Federal law of 2011 taxes estates exceeding $1 million for an individual or $2 million for a married couple up to 55%. Any donation to an individual over $13,000 in a given year can also be taxed up to 45%, except for a lifetime exclusion of $1 million per donor. For anyone concerned about these tax consequences, intra-family loans can be used for estate planning purposes, since any gains made will be treated as exempt from all inheritance and gift taxes.

During our preliminary consultation with all our estate planning clients, our firm will determine if our client is subject to estate tax and if he can use intra-family loans to reduce the value of his estate. The appreciation of any investment made with the loan accrues outside of our client’s estate, so long as it exceeds the IRS rate. Intra-family loan rates have fallen 53% since 2008. With interest rates low and most asset values ​​- such as stocks and real estate – depressed, it is much more likely that any investment purchased with an intra-family loan in 2010 will appreciate more than the cost of the loan.

The rate for a three-year intra-family loan issued in January 2010 is currently 0.57%. The rate is 2.45% for a loan of three to nine years and 4.11% for a loan of nine years or more. These rates compare favorably with an average rate of 10.55% for a personal bank loan and 12.51% for a cash loan.

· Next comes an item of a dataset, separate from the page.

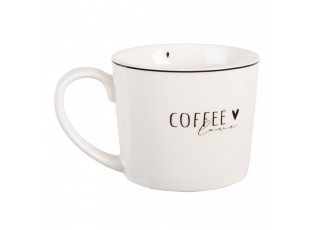 Bílý hrnek se srdíčkem a nápisem Coffee Lovely Day - 12*8*7 cm / 275 ml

Parents can lend their children money to buy a business, and the children can repay the loan using the profits from the business. Any appreciation or future income from the business beyond the loan amount is then considered part of the children’s estate and the parents’ estate remains protected. In addition, any amount above the interest rate of 1.65 will be passed on to the children free of inheritance and gift tax.

Family members should be aware that loans must be repaid in full with interest at the rate specified by the IRS. If the borrower does not repay, this can be considered a gift subject to gift tax.